• [Aim of the exercise]: The listing below holds pictures; exclude them. Return exactly the lines from the one with "Appartement 4 pièces 118 m²" through the one with "Standbild United States".

• [Source data]:

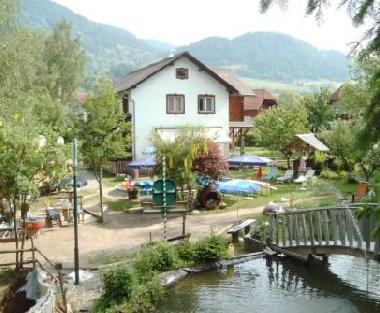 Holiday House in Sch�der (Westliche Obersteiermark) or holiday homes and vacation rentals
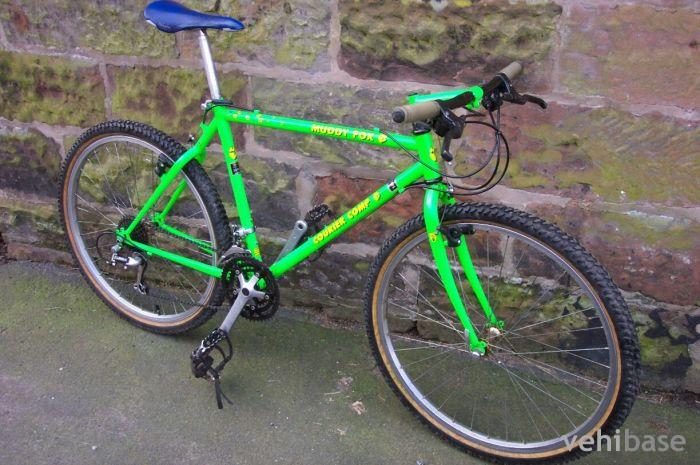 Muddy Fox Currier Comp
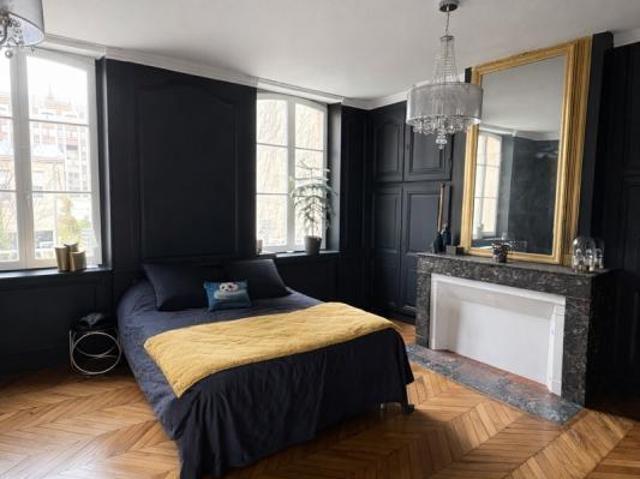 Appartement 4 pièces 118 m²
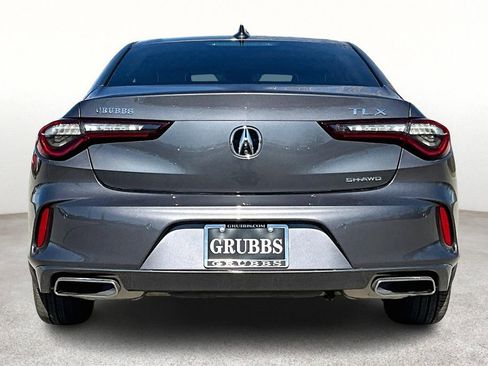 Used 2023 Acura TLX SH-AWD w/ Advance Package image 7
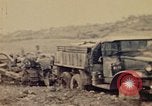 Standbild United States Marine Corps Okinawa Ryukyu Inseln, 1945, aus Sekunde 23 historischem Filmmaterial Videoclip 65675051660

--

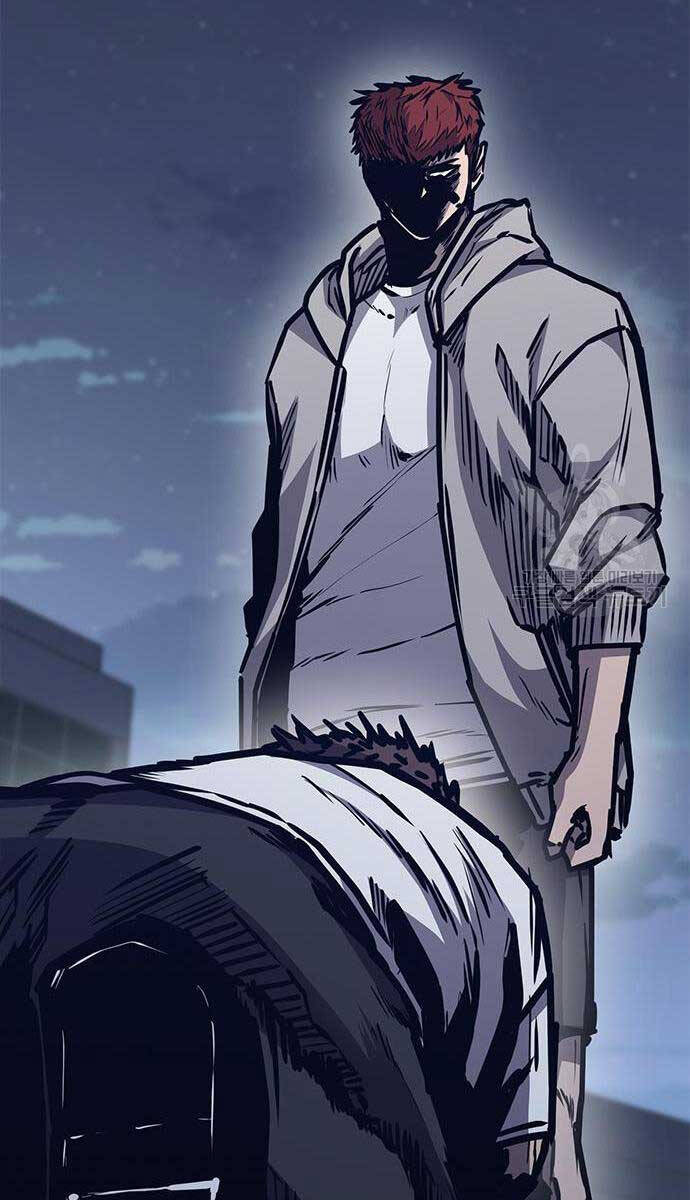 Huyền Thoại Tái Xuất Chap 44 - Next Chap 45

• [Output below]:
 Appartement 4 pièces 118 m²
 Used 2023 Acura TLX SH-AWD w/ Advance Package image 7
 Standbild United States Marine Corps Okinawa Ryukyu Inseln, 1945, aus Sekunde 23 historischem Filmmaterial Videoclip 65675051660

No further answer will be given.